Rough geometric interactions with parts of a ligand can be used to predict possible binding sites, but detailed energy calculations are needed to make precise predictions.
Preliminary screenings of possible docking sites can be based on maximizing the number of contact pairs or RMS distance.
The docking problem is not purely geometric, since attractive/repulsive forces have strong effects.
The best docking seeks to maximize the surface area and attractive forces while minimizing the energy loss due to solvent interaction.

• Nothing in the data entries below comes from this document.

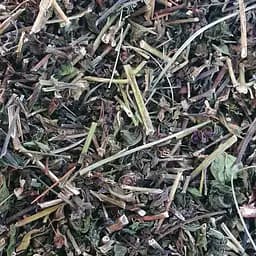 100 г иван-да-марья/марьянник дубравный трава - свежий урожай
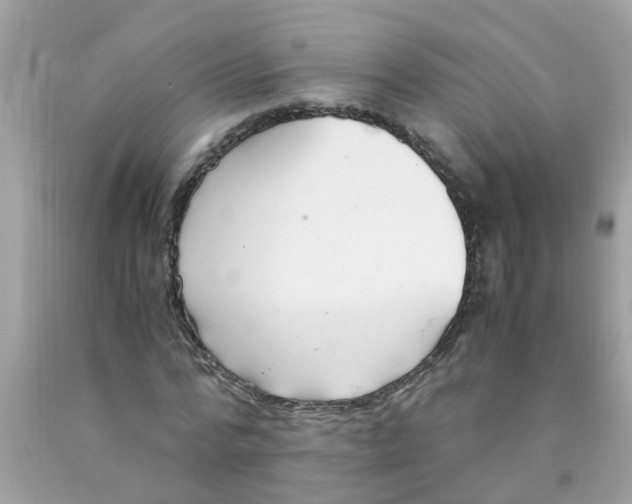 X0000089890776200707262229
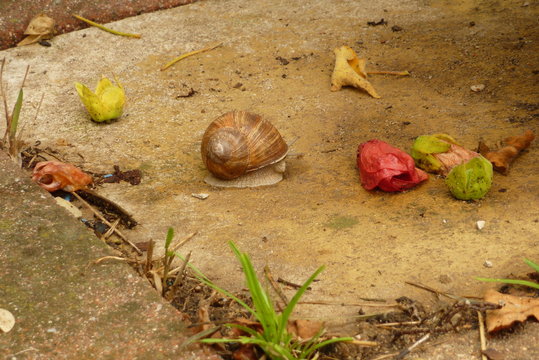 Weinbergschnecke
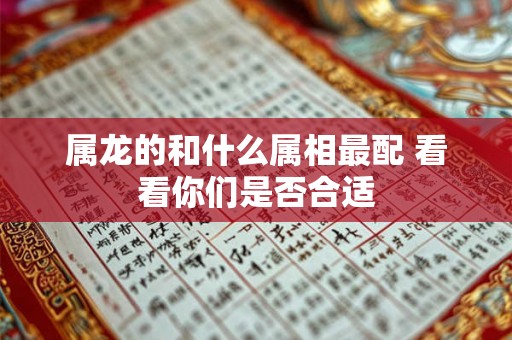 属龙的和什么属相最配 看看你们是否合适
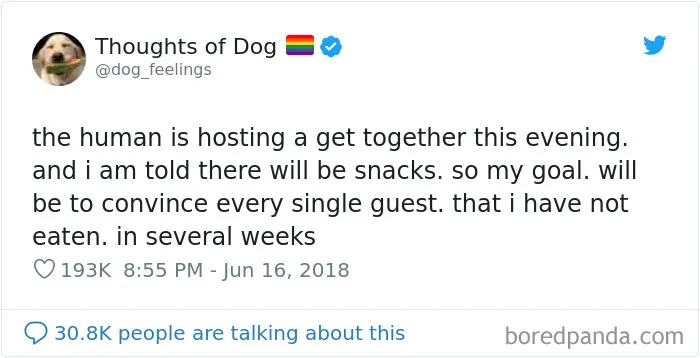 30 Of The Funniest Dog Thoughts That Dog Owners Will Understand Too Well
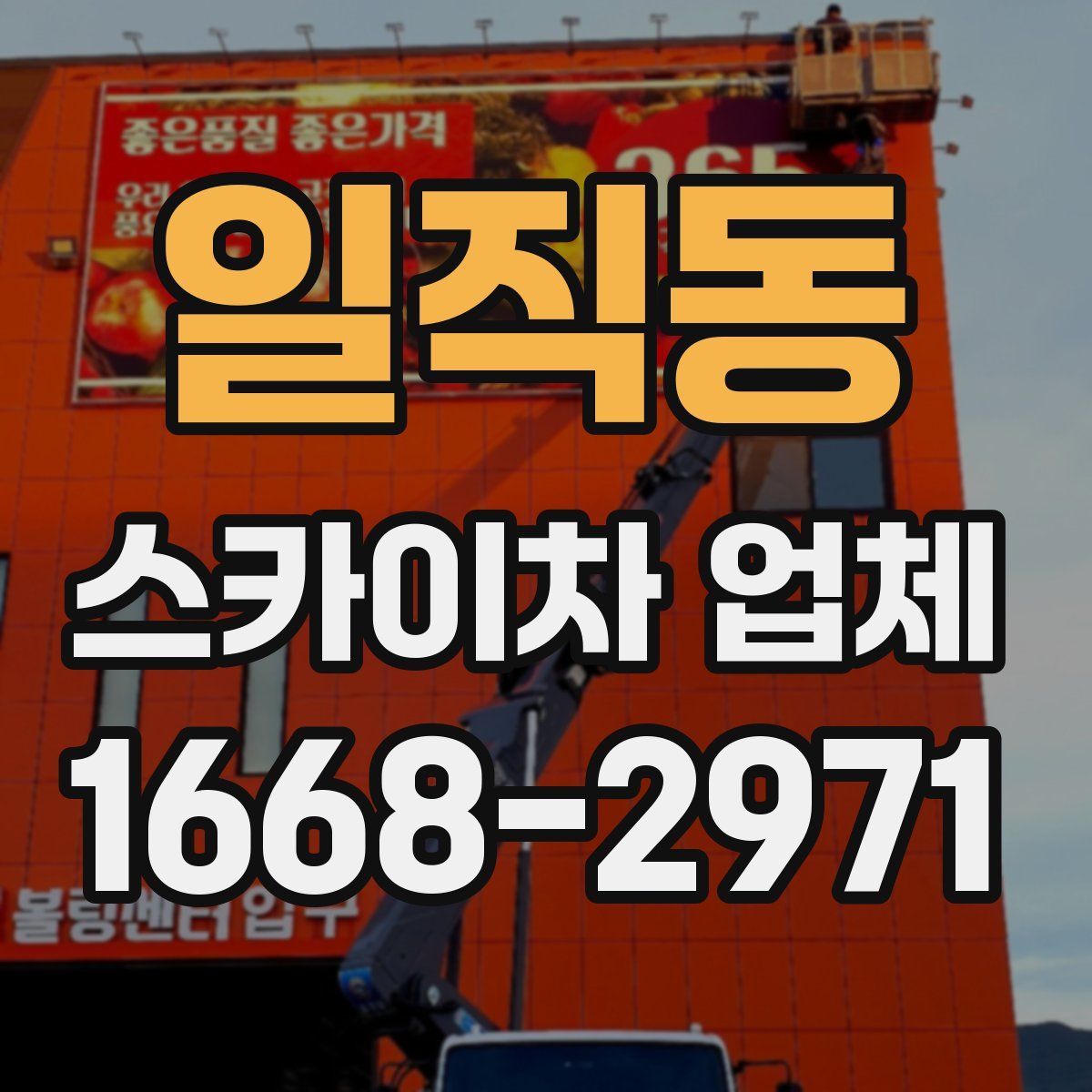 일직동 스카이차 업체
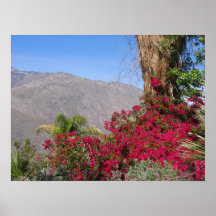 Palm Spring (4) Print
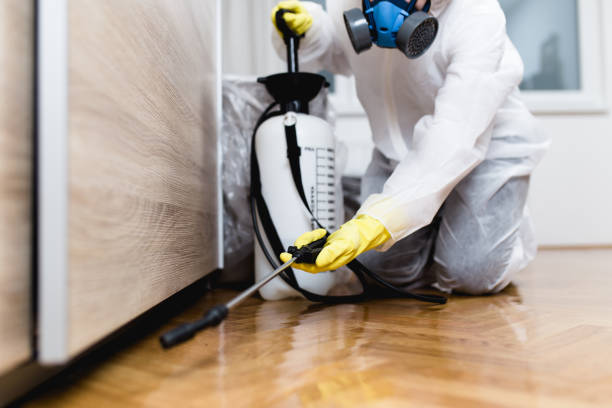 Best Pest Removal Services  in Pleasant Hill, MO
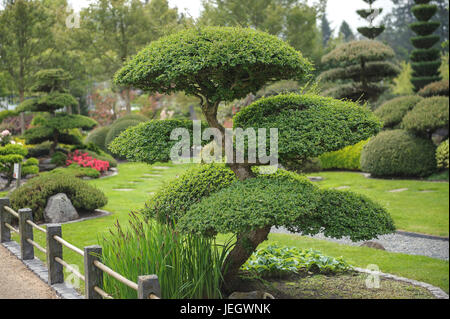 Jardin japonais, faux hêtre, Nothofagus antarctica , Japanischer Garten, Scheinbuche (Nothofagus antarctica) Banque D'Images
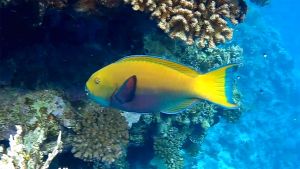 Крутолобый попугай самка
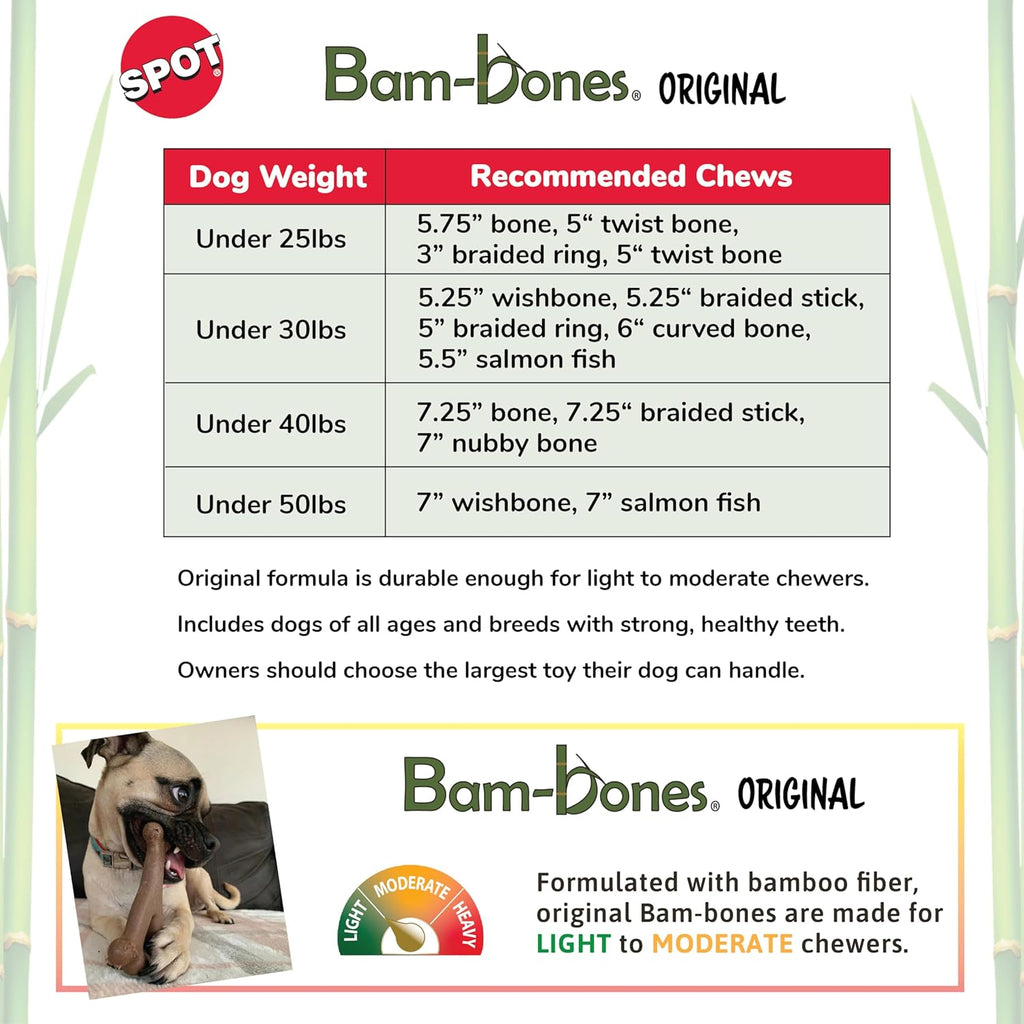 Bone - Made with Strong Bamboo Fiber, Durable Long Lasting Dog Chew for Light to Moderate Chewers, Great Toy for Adult Dogs & Teething Puppies Under 25lbs, 5.75in, Bacon Flavor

Small ligands tend to bind in big pockets.
Finding the best docking is a difficult algorithmic problem because it involves six degrees of freedom, the three possible translations (x, y, and z) and three possible rotations.
Binding flexible ligands is analogous to motion planning for articulated robot arms.
Motion planning with many degrees of freedom becomes difficult as the complexity of the surfaces defining the conformation space grows.
A good general approach is to randomly sample points in the configuration space, and add edges between nearby collision-free points with collision-free straight line paths.
One approach to simplifying continuous geometric problems is to insist that all sites lie on a 3D grid.
The finer the grid, the more accurate the predictions, though at greater computational cost.
Another approach to discretization is to analyze the possible positions of isolated spheres which contact the surface, with pockets identified where there are many intersecting spheres.
Geometric hashing stores all possible point triplets (triangles) in both ligand and receptor.
The sets of triangles which match defines molecular orientations of interest.
Note that conventional hashing techniques do not really apply, since we are looking for approximate matches.